Once again thank you for your interest in Michelin 

Yours sincerely 
Michelin Tyre Public Limited Company"


----------



## fdhadi (May 9, 2005)

Hello 3sheds,

Is the manual you are refereing to the Fiat or the Elnagh?

50psi seems a little low but whats the ride feel like?

Our Burstner manual says 51psi for the tag & 81psi for the front. When we set the pressure's at these figures, the rear looks a little soft & front seems too hard. We now run at 55 rear & 73 front and this seems to give a more comfortable ride.
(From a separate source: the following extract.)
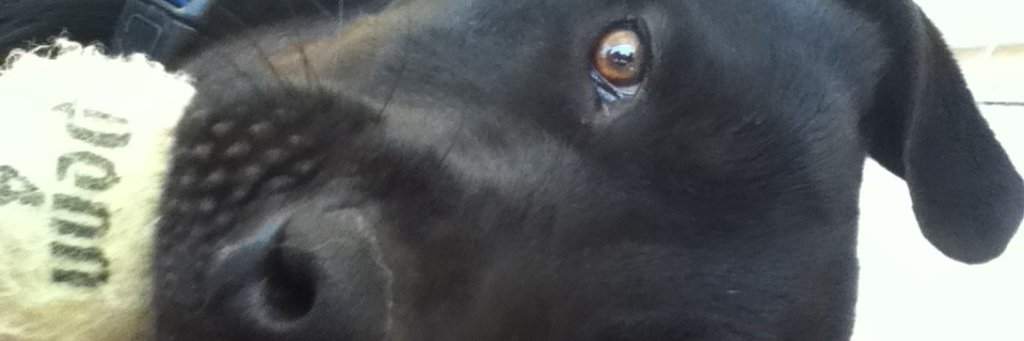 Ron39887116's profile banner image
To change Psi to Bar divide by 14.7 ie: 75psi divide 14.7 = 5.1 bar
To change Bar to Psi just X by 14.7


----------



## 102567 (Jan 22, 2007)

thank you all very much! that's given me some ideas. Frank, I was referring to the fiat manual.

cheers alec


----------



## rickwiggans (May 10, 2006)

My Fiat based Sundance came at 79 psi all round. I did the Michelin enquiry as described above, sending them my weights, and got a similar reply. Now I have a softer, more stable ride. I guess the problem is that neither Fiat nor the MH manufacturer know what your on-the-road weghts are going to be, and so try to cover all eventualities.


----------



## Waleem (Nov 1, 2006)

You also need to check what tyres you actually have fitted. Michelin XCs can take up to 80 psi, but more conventional commercial tyres (Which are absolutely fine incuidentally as long as weight limits are observed) have a max of 70 psi. I have Firestones front and Goodyears rear-Firestone have suggested 70 psi for the front and Goodyear didnt really want to help, so I run 70 all round. Doesnt seem too hard.


----------



## JockandRita (Jun 1, 2005)

Hi all,

Our Hymer manual quotes,

4.5 bars (*66 psi*) for the tag axles, 
and, 
5.0 bars (*74 psi*) for the front axle.

These figures are assuming that Michelin Camping tyres are fitted.

Jock.


----------



## Spacerunner (Mar 18, 2006)

I went via the weighbridge routine, then emailed Michelin who sent me back precise tyre pressures for the weighbridge values. My dealer and the m/h handbook recommend the pressures for the base vehicle, which I now use as I have no intention of visiting a weighbridge every time I take the 'van out. The only snag with that was identifying the exact base vehicle model, in this case a variant of a Ford Transit. However I now use Ford's recommended pressures, and if stopped by the Bill, I have it in black and white. I assume they (the Bill) have the same song sheet as me. BTW when I first picked up the 'van from the suppliers the tyre pressures were no where near the legal pressures, he rear ones were even above the maximum stated on the sidewall. So it pays to check when collecting a new 'van.


----------



## scubydoo (Jan 18, 2007)

*Tyres re Long stay parking*

Hi all
Anyone got any advice as to parking the van for 2 or 3 months. Should you move it now and again to avoid flat spots or do you jack it up?
:roll:


----------



## Rapide561 (Oct 1, 2005)

*Tyre pressure*

Hi

Is there a link anywhere to the relevant Michelin site?

Russell


----------